> WHAT IS NEEDED
Line by line, the data below should be set down unchanged, with images excluded.

*** Opening of DATASET SECTION ***

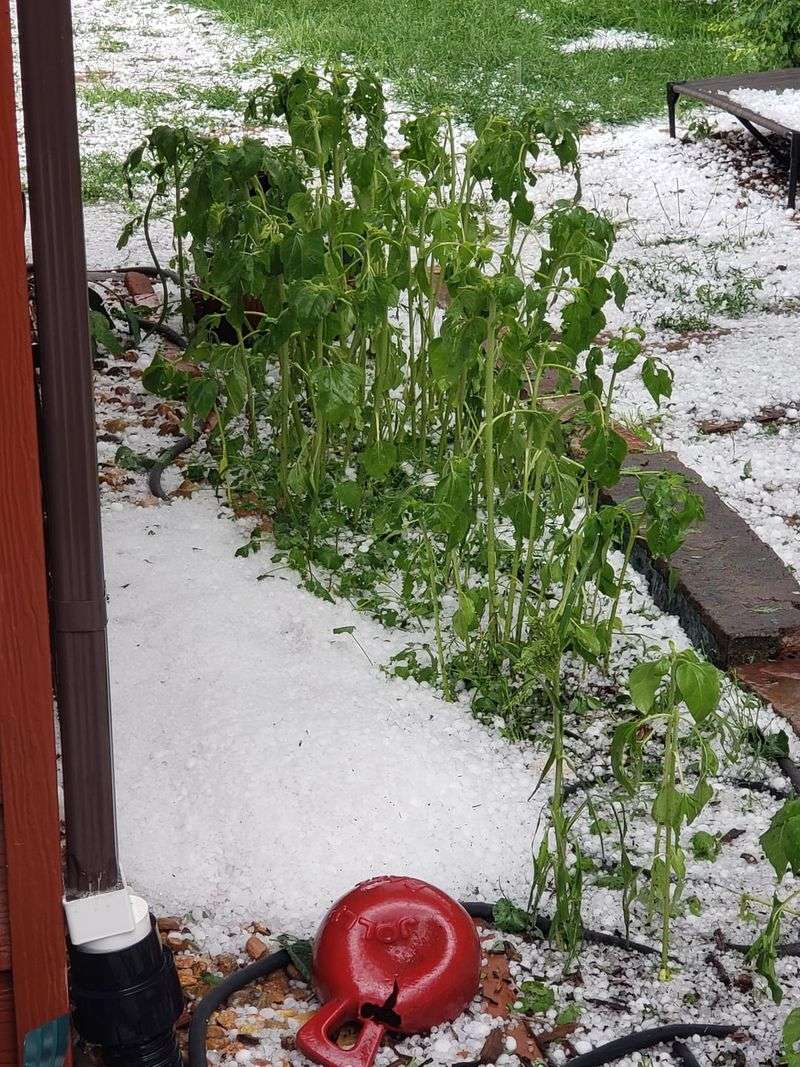 Hail Damage Vulnerability
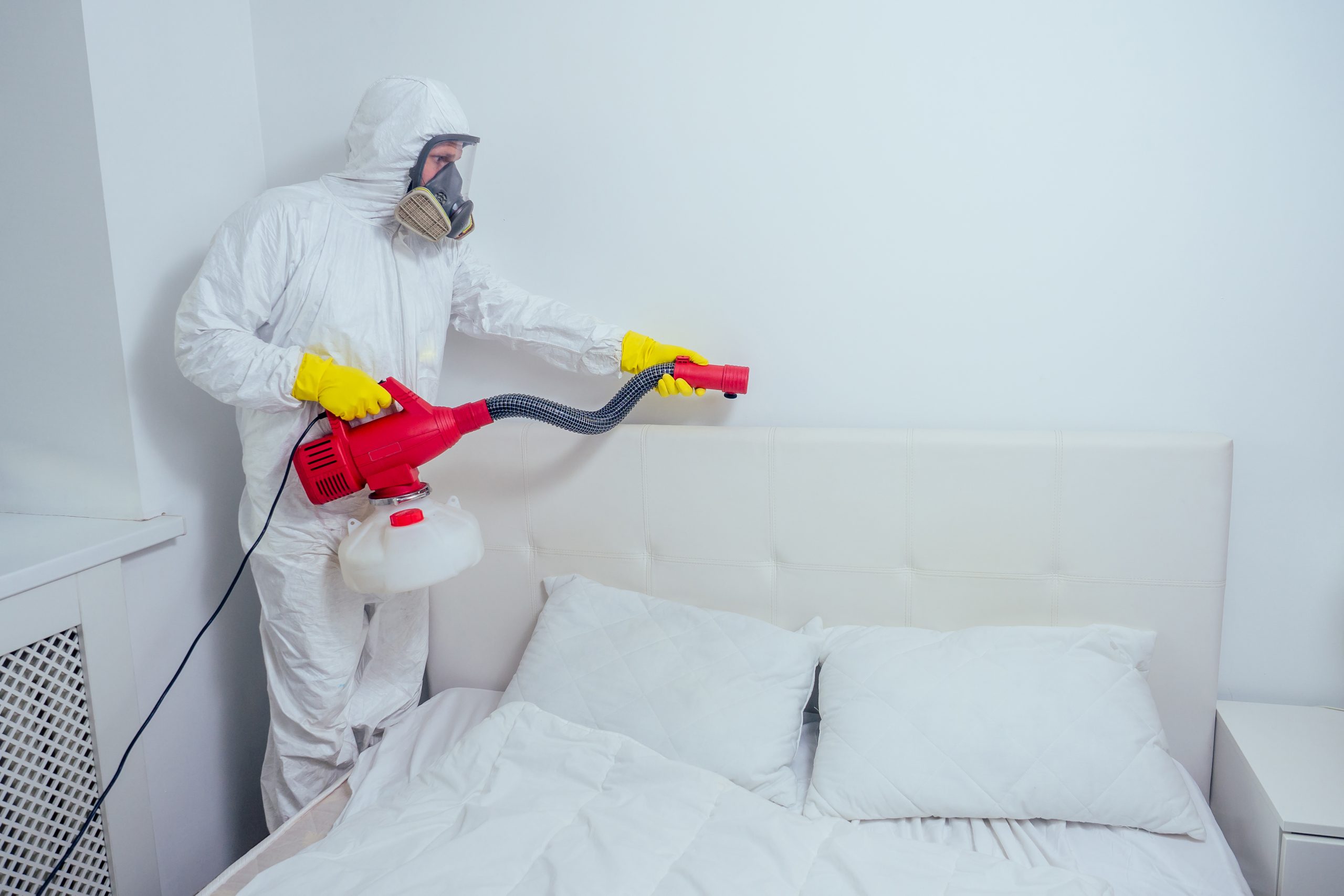 pest control worker lying on floor and spraying pesticides in bedroom.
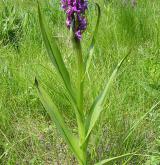 prstnatec pleťový <i>(Dactylorhiza incarnata)</i> / Habitus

*** Close of DATASET SECTION ***

> SOLUTION FOR THIS EXERCISE
 Hail Damage Vulnerability
 pest control worker lying on floor and spraying pesticides in bedroom.
 prstnatec pleťový <i>(Dactylorhiza incarnata)</i> / Habitus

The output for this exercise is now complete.